• [TASK BRIEF]
Line by line, print the records exactly, and keep images out of the copy.
━━ LISTED ENTRIES ━━
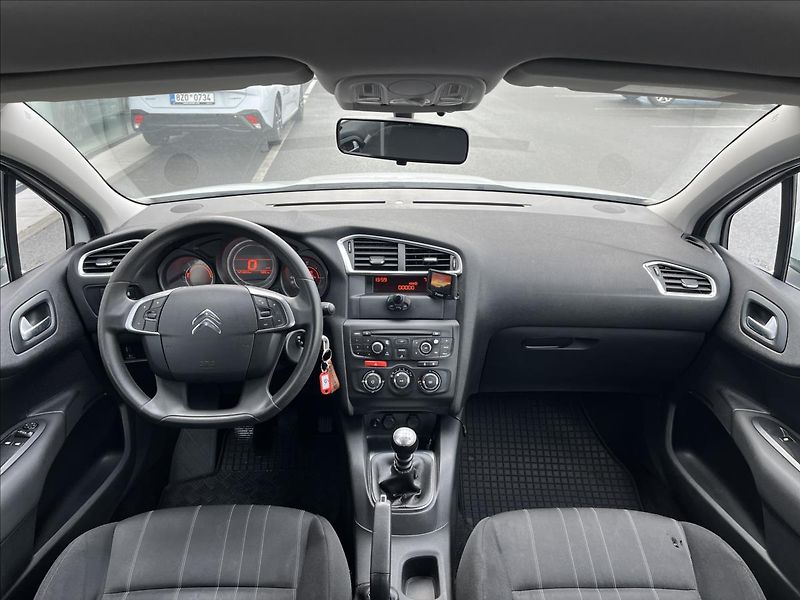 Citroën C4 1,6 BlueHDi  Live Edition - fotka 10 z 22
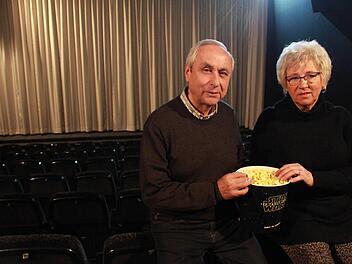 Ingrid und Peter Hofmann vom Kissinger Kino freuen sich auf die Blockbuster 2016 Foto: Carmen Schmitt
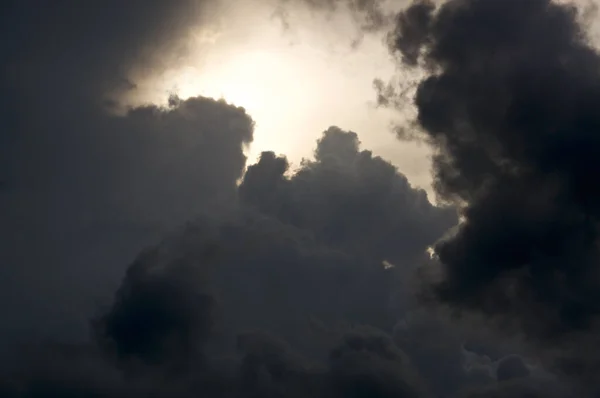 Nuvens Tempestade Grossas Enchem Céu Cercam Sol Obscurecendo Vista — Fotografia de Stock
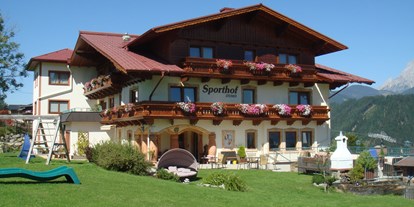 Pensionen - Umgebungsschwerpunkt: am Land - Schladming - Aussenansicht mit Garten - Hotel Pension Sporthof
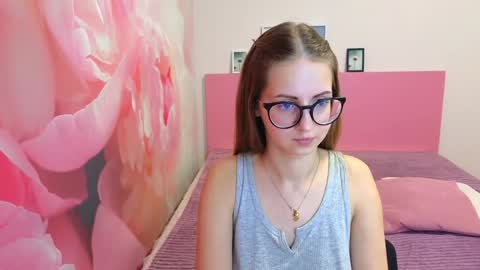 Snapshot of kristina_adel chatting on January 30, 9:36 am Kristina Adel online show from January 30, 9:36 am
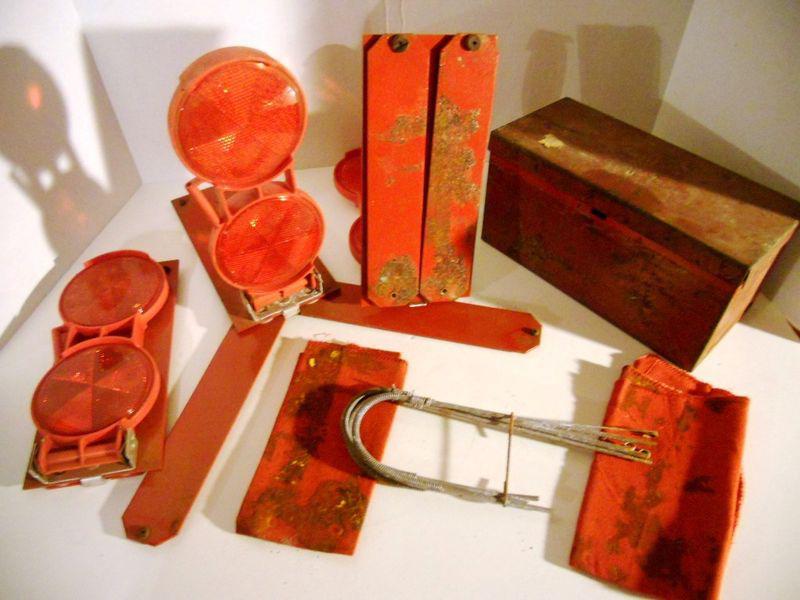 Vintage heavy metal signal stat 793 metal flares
━━━
• [ANSWER TO THE EXERCISE]
 Citroën C4 1,6 BlueHDi  Live Edition - fotka 10 z 22
 Ingrid und Peter Hofmann vom Kissinger Kino freuen sich auf die Blockbuster 2016 Foto: Carmen Schmitt
 Nuvens Tempestade Grossas Enchem Céu Cercam Sol Obscurecendo Vista — Fotografia de Stock
 Pensionen - Umgebungsschwerpunkt: am Land - Schladming - Aussenansicht mit Garten - Hotel Pension Sporthof
 Snapshot of kristina_adel chatting on January 30, 9:36 am Kristina Adel online show from January 30, 9:36 am
 Vintage heavy metal signal stat 793 metal flares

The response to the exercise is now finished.